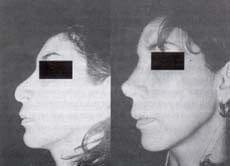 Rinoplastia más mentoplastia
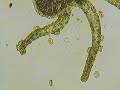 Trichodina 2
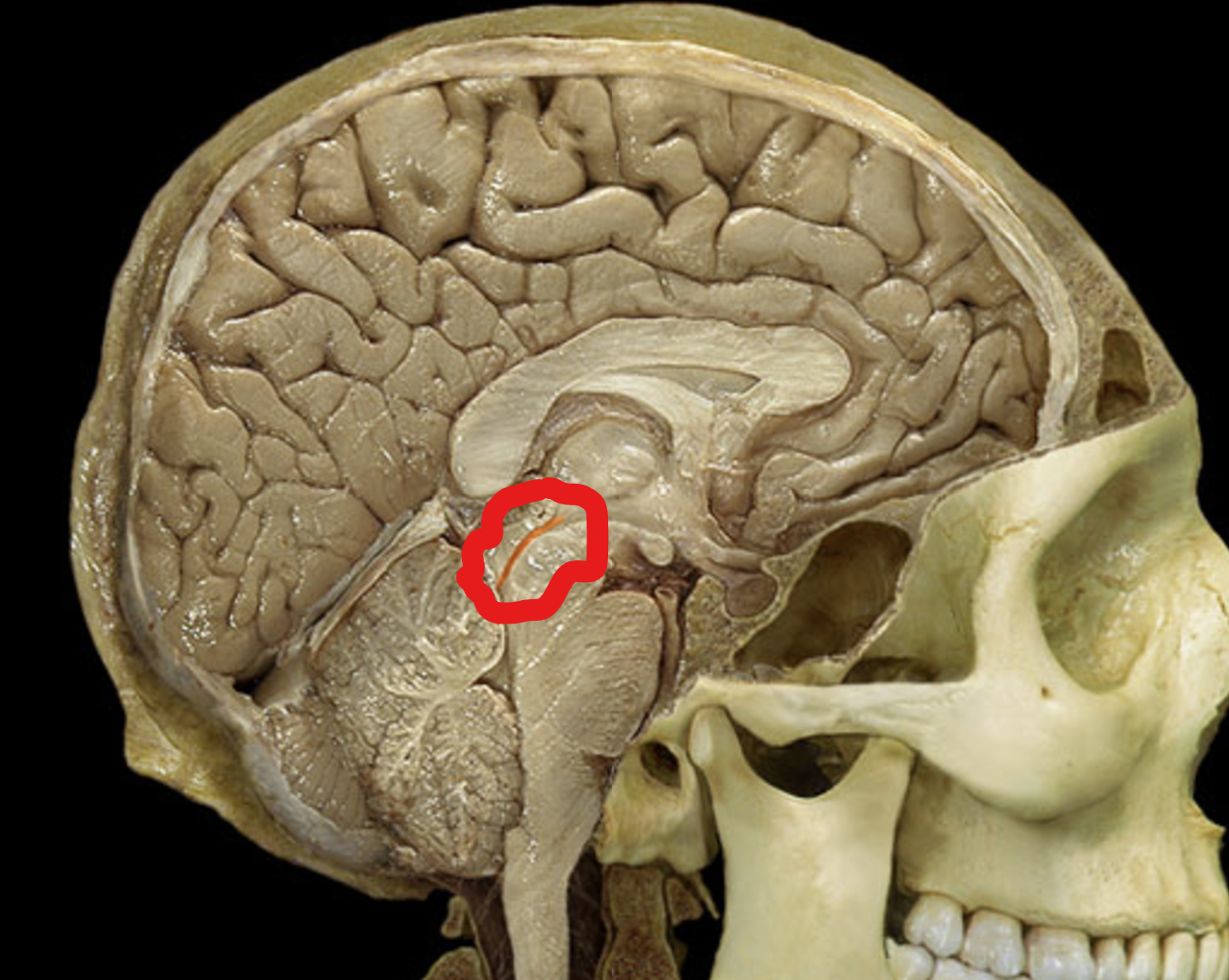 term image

---

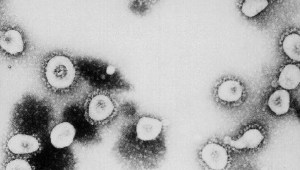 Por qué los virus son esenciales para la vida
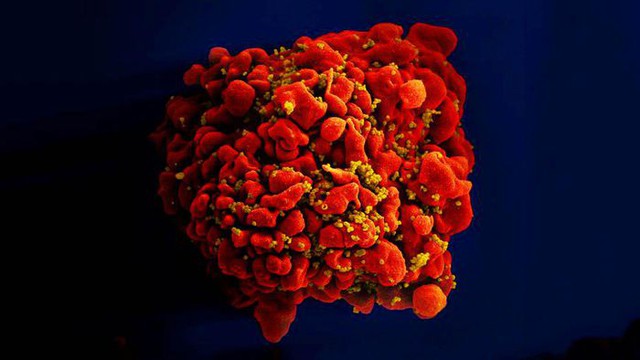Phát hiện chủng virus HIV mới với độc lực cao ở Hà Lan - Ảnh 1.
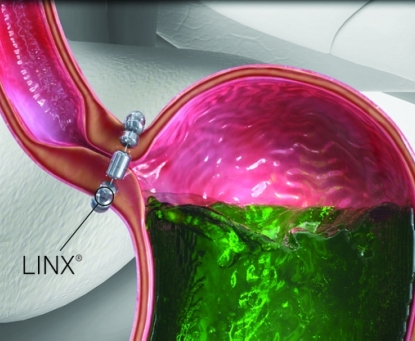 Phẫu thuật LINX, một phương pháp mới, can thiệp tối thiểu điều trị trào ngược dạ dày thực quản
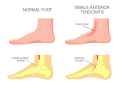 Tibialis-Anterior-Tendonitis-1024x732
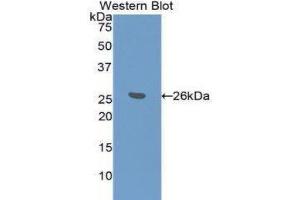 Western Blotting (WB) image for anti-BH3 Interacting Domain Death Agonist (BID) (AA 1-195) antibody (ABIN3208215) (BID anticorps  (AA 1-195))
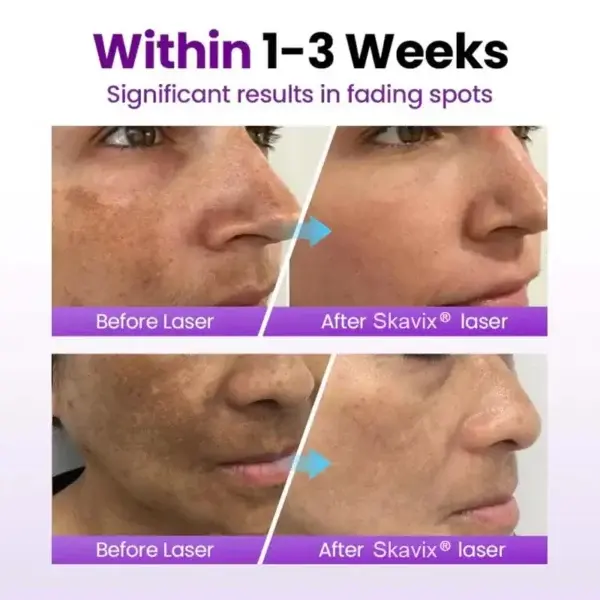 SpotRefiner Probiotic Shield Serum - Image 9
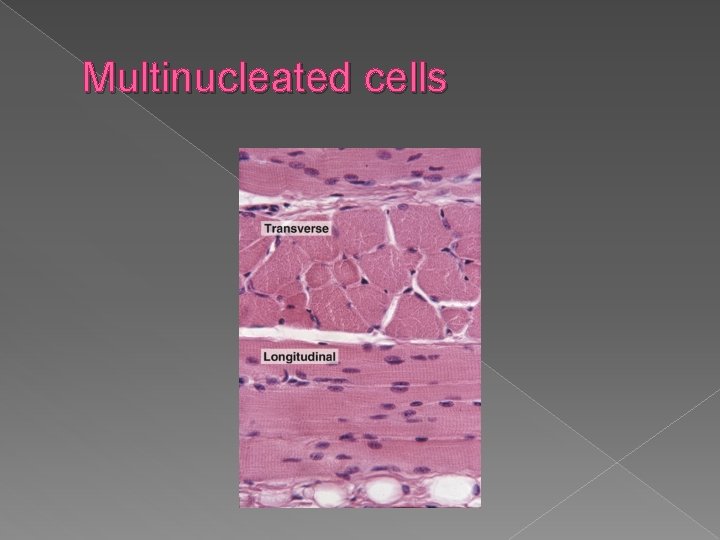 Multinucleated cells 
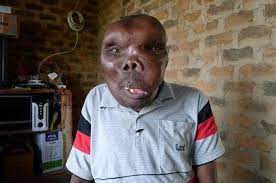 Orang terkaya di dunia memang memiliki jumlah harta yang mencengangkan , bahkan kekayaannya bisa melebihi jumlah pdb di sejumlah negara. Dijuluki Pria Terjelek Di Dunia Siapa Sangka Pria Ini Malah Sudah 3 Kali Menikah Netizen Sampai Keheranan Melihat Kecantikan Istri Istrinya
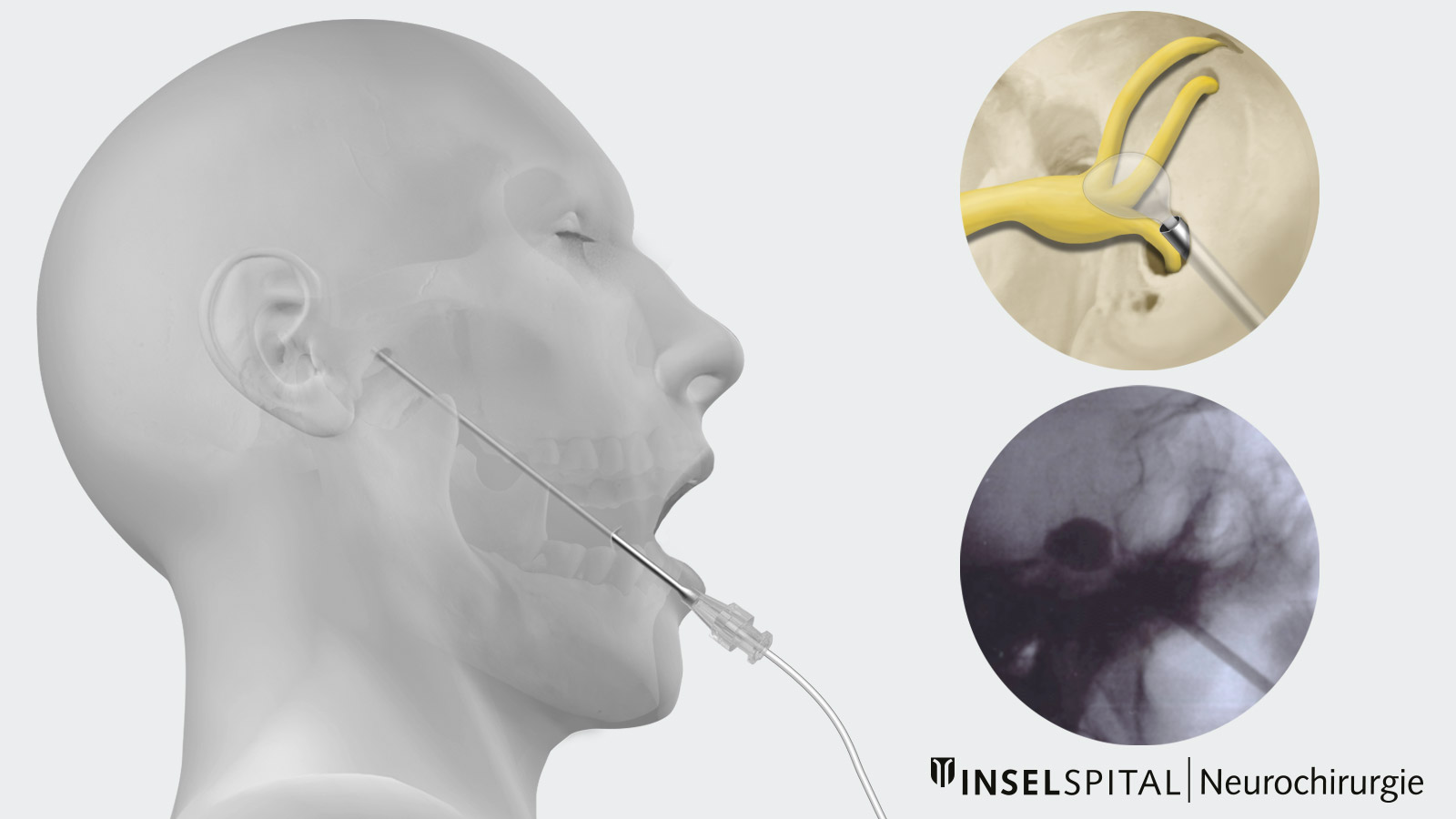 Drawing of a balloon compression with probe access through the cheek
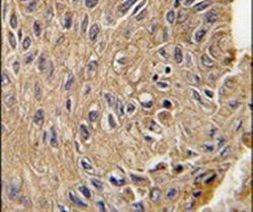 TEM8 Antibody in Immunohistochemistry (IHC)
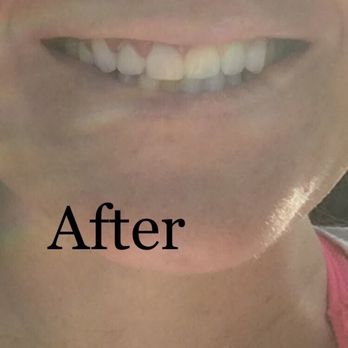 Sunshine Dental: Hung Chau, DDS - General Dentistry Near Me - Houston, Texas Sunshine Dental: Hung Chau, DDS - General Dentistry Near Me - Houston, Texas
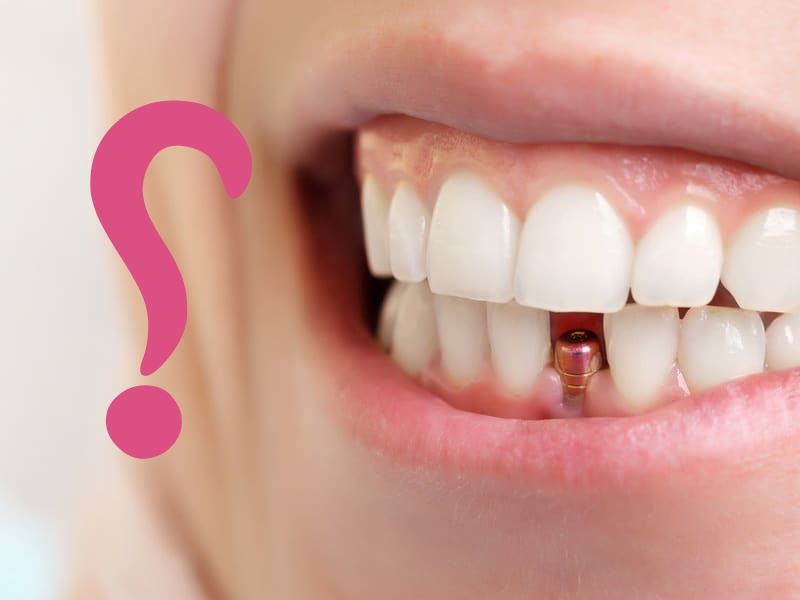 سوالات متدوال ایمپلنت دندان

=== TASK PROMPT ===
Word for word, retype the lines in the entries above that run from the one with "Houston, Texas Sunshine" through the one with "سوالات متدوال ایمپلنت دندان". Both ends count; pictures do not.

=== SOLUTION TO THE EXERCISE ===
 Sunshine Dental: Hung Chau, DDS - General Dentistry Near Me - Houston, Texas Sunshine Dental: Hung Chau, DDS - General Dentistry Near Me - Houston, Texas
 سوالات متدوال ایمپلنت دندان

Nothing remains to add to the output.